However, the slowdown in Chinese economic growth has been a concern to base metal miners and investors. In 2018 China’s economy grew at just 6.6%, the lowest level in 28 years. This is important for copper because China consumes nearly half of the world’s supply. If China’s growth is slowing, it’s a safe bet copper is too.
Yet there was room for optimism on Wednesday, after the release of key Chinese economic data indicating the promise of higher demand.
Various sources reported through the week that industrial production grew from 5.3% last February, 2018 to 8.5% in March. New construction starts were 18% higher in March 2019 versus March 2018, fixed investment (good for commodities) increased by 6.3%, and bank lending hit an all-time high of $870 billion in the first quarter. China’s growth was 6.4% in Q1, defying expectations of slack GDP performance.

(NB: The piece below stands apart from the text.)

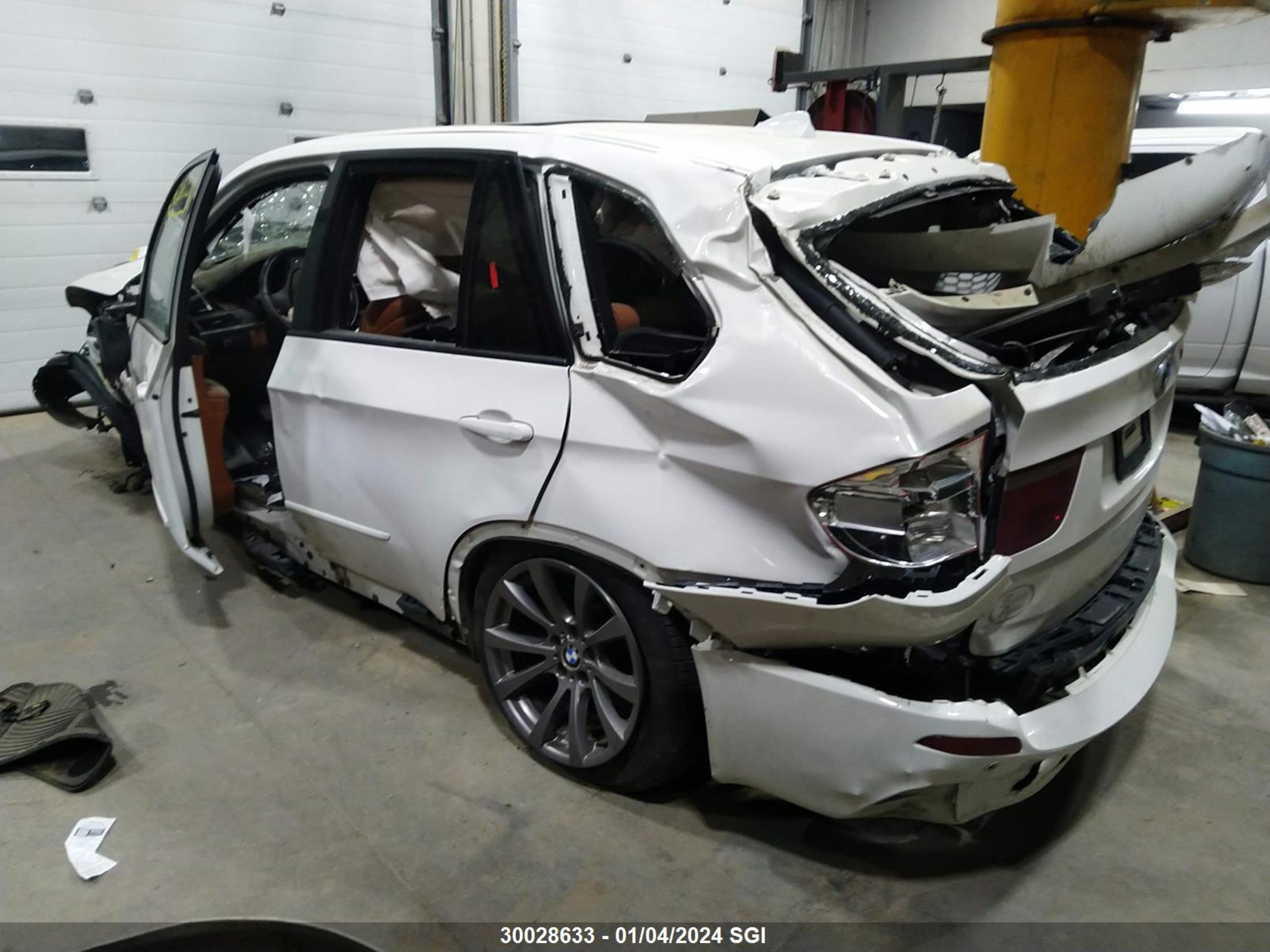 Photo 2 VIN: 5YMGY0C59ALK25586 - BMW X5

The good economic news was enough to lift copper futures 2% higher, reaching $2.95 per pound or $6,604 a tonne, on the Comex in New York – the best performance since last July.
Supply disruptions likely
Price spikes are great, but the longer-term story for copper is all about supply.

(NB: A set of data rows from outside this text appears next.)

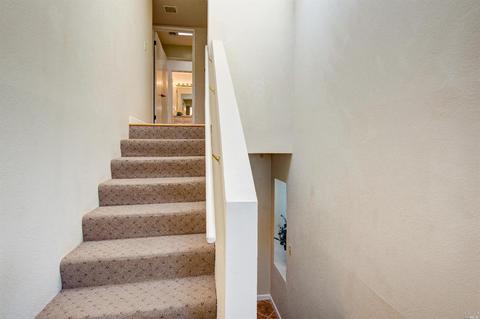 300 Locust Dr #12, Vallejo, CA 94591 photo 12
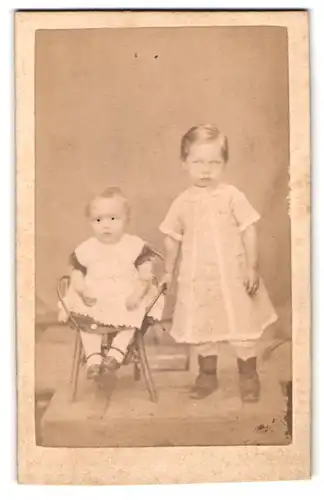 Fotografie unbekannter Fotograf und Ort, Portrait kleines Mädchen und Kleinkind in modischer Kleidung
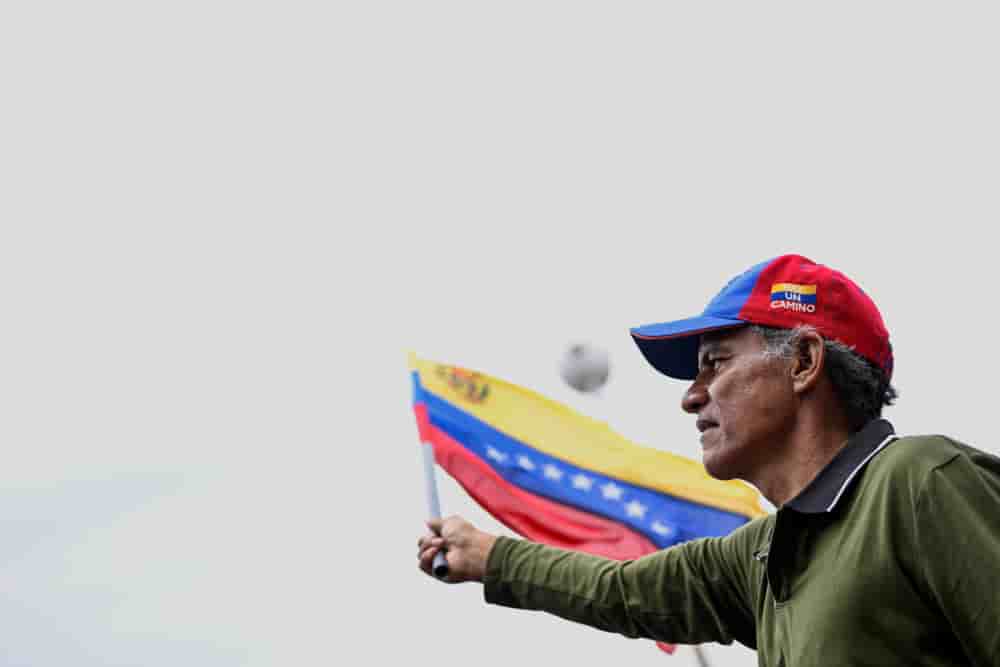 Un homme agite un drapeau vénézuélien, lors d'un rassemblement à Caracas, le 16 avril 2026.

As we wrote in The coming copper crunch, by 2035, without major new mines up and running to replace the ore that is being depleted from existing copper mines, we are looking at a 15-million-tonne supply deficit by 2035. Four to six million tonnes of added capacity are needed by 2025.

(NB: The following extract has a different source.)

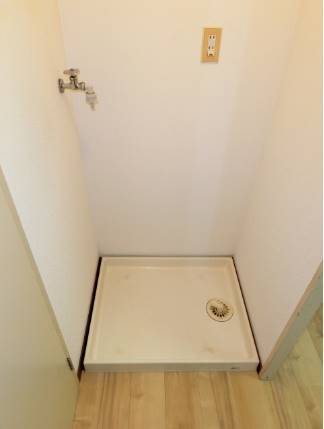 このお家賃には珍しい室内洗濯機。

This year, output is expected to be curbed by a strike at Peru’s Las Bambas mine and disruptions at other mines in Chile, Spain and the DRC, according to Capital Economics, a macroeconomics research firm.
The CEO of Antofagasta, a major copper miner in Chile, isn’t expecting strikes at his company’s operations but “We think this year there will be bigger disruptions than last, which was unusually tranquil,” Ivan Arriagada was quoted by Mining Weekly at CRU’s World Copper Conference in Santiago.
That, plus heavy rains in the arid plains of northern Chile, and two months of indigenous protests at MMG’s Las Bambas mine in Peru, will likely present a supply problem, Arriagada said.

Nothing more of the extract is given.